Or capitalism for that matter. This is the trouble with utopian systems like communism and free-market capitalism. Their proponents - Adam Smith, Karl Marx - sincerely believe that if only human beings behaved the way they should do, their systems would run smoothly and beautifully and everyone would be happy.
I think free-market capitalism is the embodiment of unfettered human instincts related to greed and hoarding that were necessary before we evolved from wild animals, but still very present in our psyches.
Communism (as per the writings of Marx) is a clumsy way of trying to frame a path to more altruistic transcending of such instincts in order to allow everyone to share the benefits of productive output.
But then, if not everyone subscribes to the 'sharing fairly' principle, it will fail as a socio-economic model.
Also, we will always start from a position of there being in place a financial elite, who will generally actively oppose any moves to strip them of their privilege, and willing to expend a chunk of their wealth to fight to preserve the status quo, manifesting itself as a counter-revolutionary force.
As we've seen in numerous cases, the response by the revolutionaries has been to impose totalitarianism and oppression in order to block the counter-revolution. Initially noble ideals are cast aside in the name of preserving the revolution. The irony is that such oppression merely fosters antipathy amongst the people the revolution was supposed to benefit.

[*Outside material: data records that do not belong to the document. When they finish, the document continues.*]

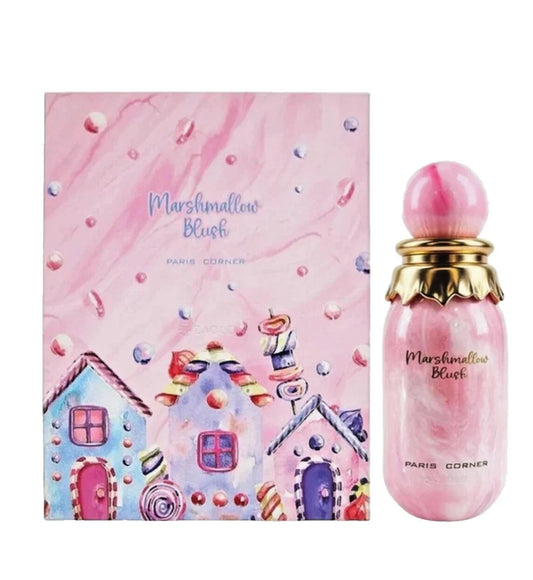 Marshmallow Blush By Paris Corner
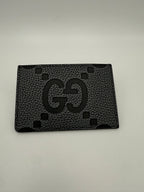 GUCCI GG Jumbo Card Holder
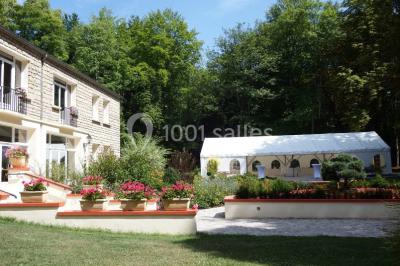 Location salle Crouy-sur-Ourcq (Seine-et-Marne) - Ourcadia Domaine de Bellevue #18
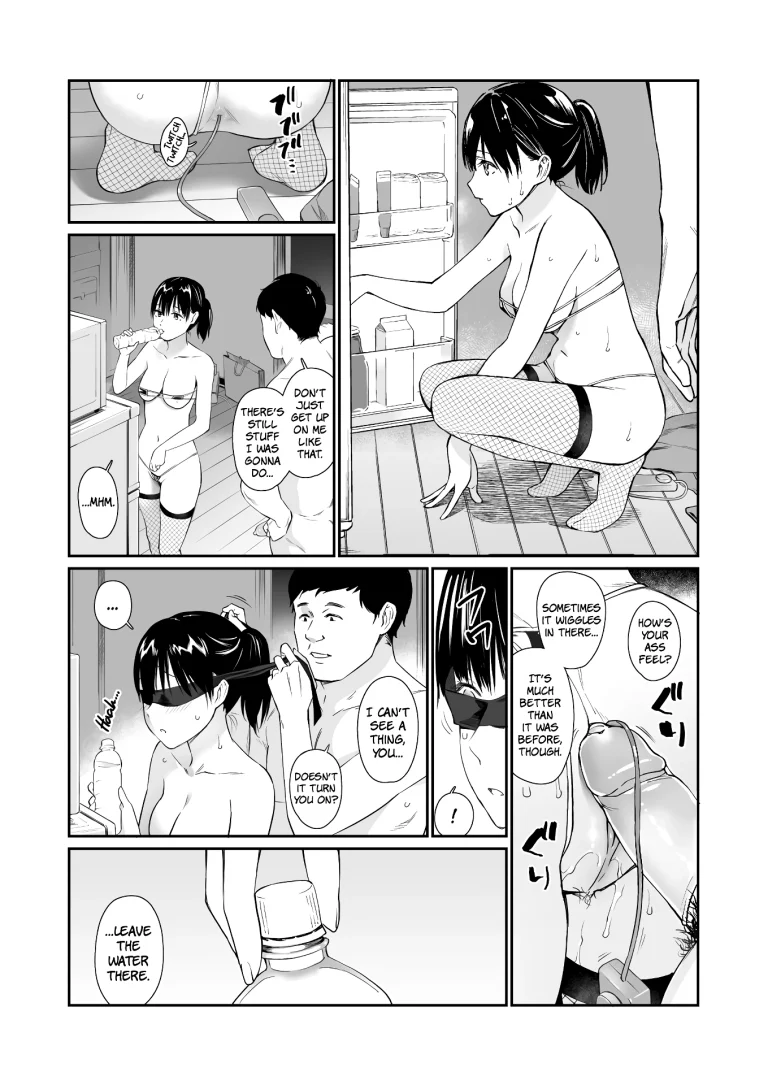 Killing Time with my Niece porn comic picture 25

In many ways, the Cold War was won by the 'capitalists' when the Imperial countries of Europe plus the US armed, funded and even joined the counter-revolutionary White Army, triggering the sort of totalitarian oppression and subjugation of the Russian people that was never part of Marx's manifesto and never part of the plans of most of the Revolutionaries. When Stalin beat Trotsky to succeed Lenin, the mutation of what should have been an emancipating social revolution into a hellishly oppressive totalitarian dystopia was complete.